----- Data in this exercise
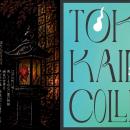 怪談をテーマにしたリアルイベント！『Tokyo Kaidan C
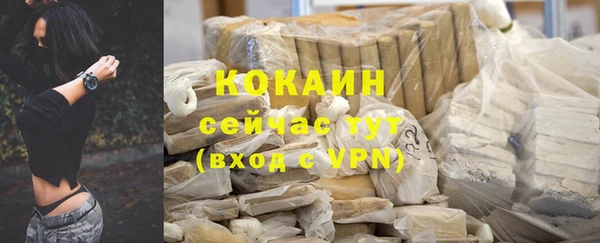 герыч Володарск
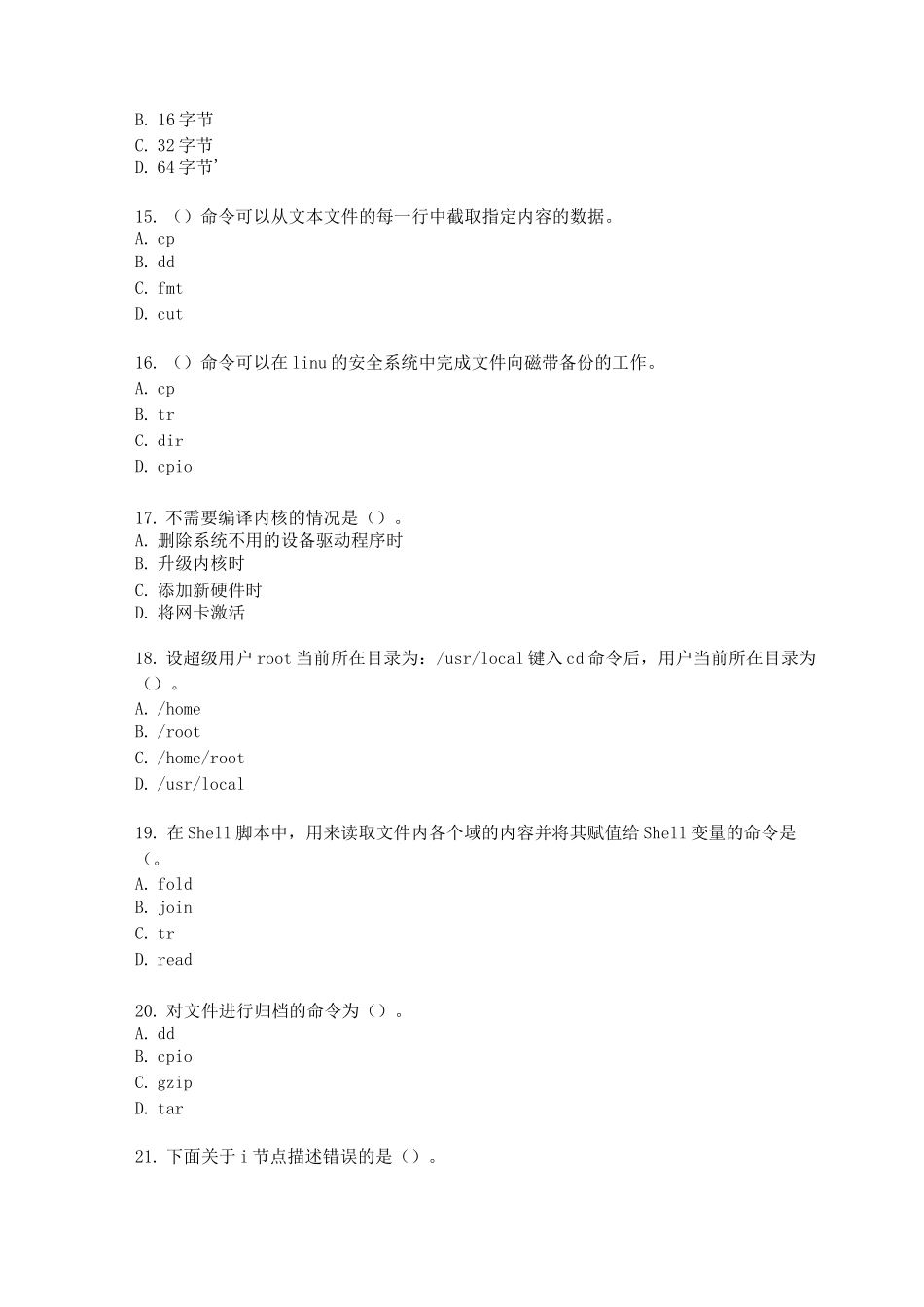 《Linux操作系统管理》在线测试题_第3页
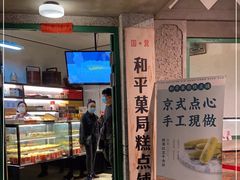 门面-和平菓局(王府井店)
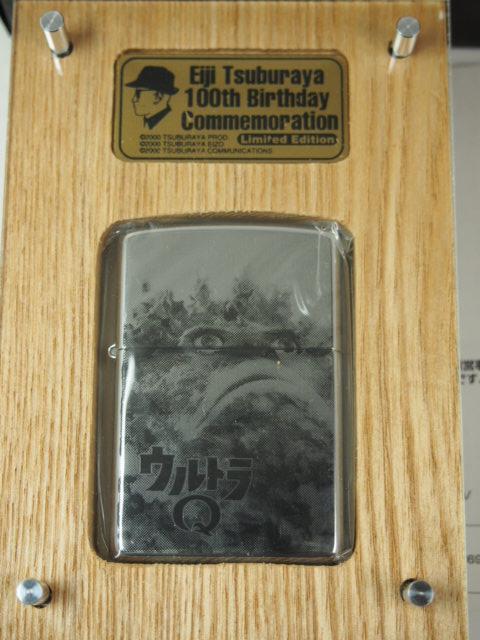 ジッポー限定 Zippo 円谷生誕100周年1901-2001）モスラ＆ウルトラQ 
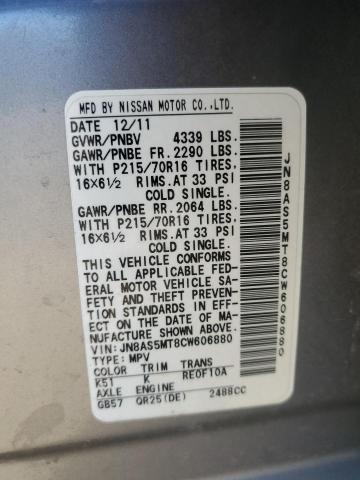 Photo 13 VIN: JN8AS5MT8CW606880 - NISSAN ROGUE S 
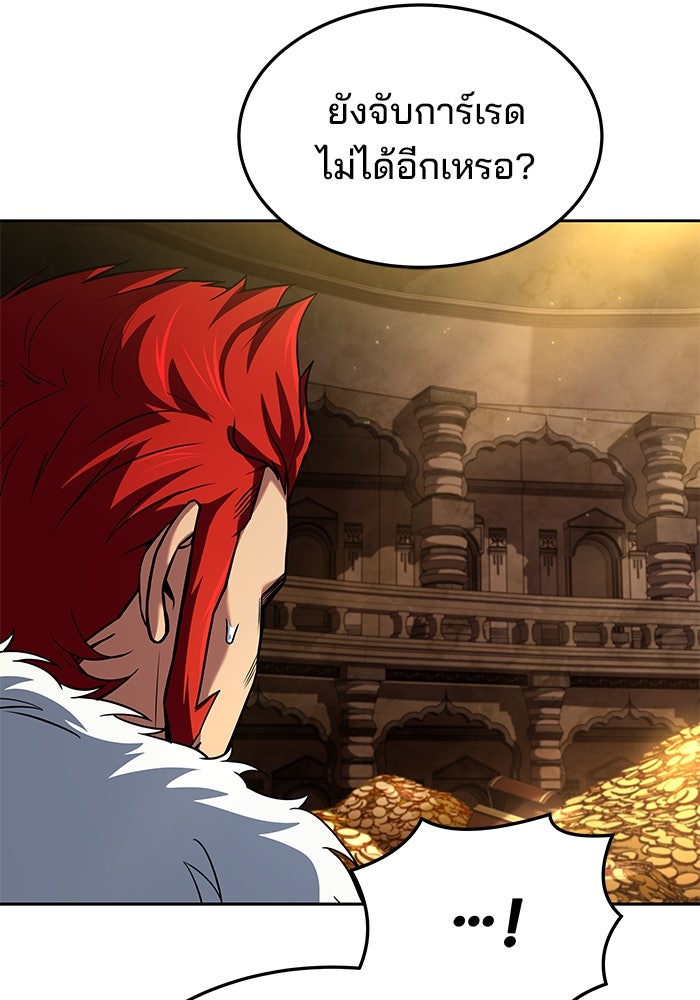 ครัวจอมเวท - หน้า 143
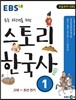 EBS 초등 고학년을 위한 스토리 한국사 1권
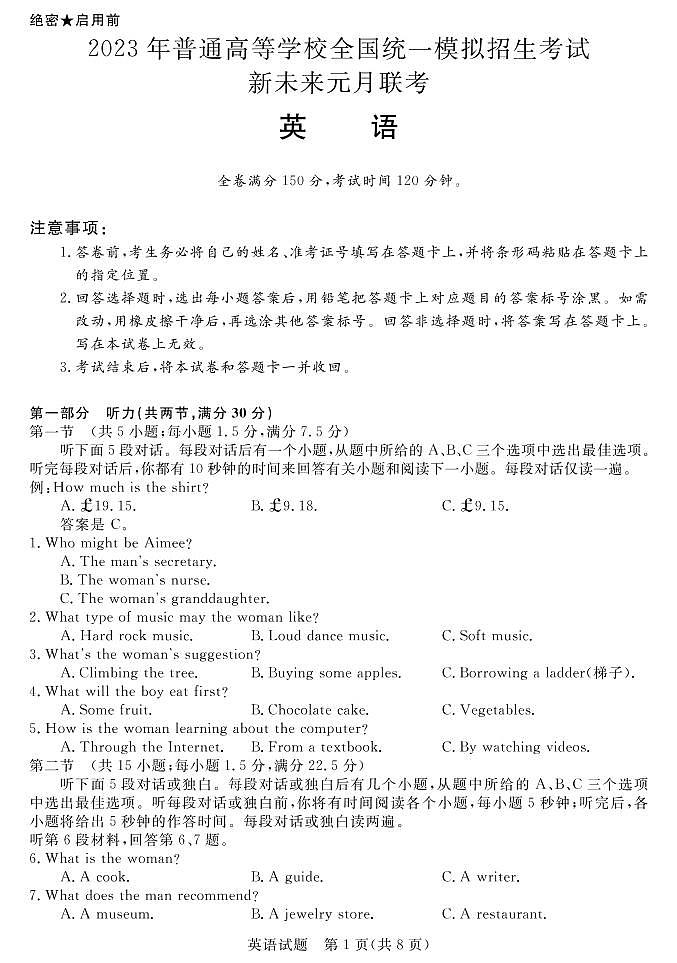 河南省名校新未来2022-2023学年高三上学期1月联考英语试题第1页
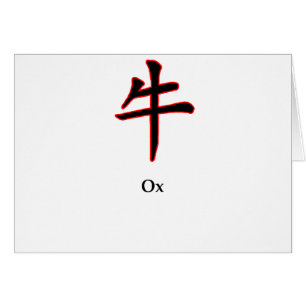 Year of Ox The MUSEUM Zazzle Gifts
----------
**The problem**: Skip the images and set down the rest of the data unchanged.

**Solved problem**:
 怪談をテーマにしたリアルイベント！『Tokyo Kaidan C
 герыч Володарск
 《Linux操作系统管理》在线测试题_第3页
 门面-和平菓局(王府井店)
 ジッポー限定 Zippo 円谷生誕100周年1901-2001）モスラ＆ウルトラQ 
 Photo 13 VIN: JN8AS5MT8CW606880 - NISSAN ROGUE S 
 ครัวจอมเวท - หน้า 143
 EBS 초등 고학년을 위한 스토리 한국사 1권
 河南省名校新未来2022-2023学年高三上学期1月联考英语试题第1页
 Year of Ox The MUSEUM Zazzle Gifts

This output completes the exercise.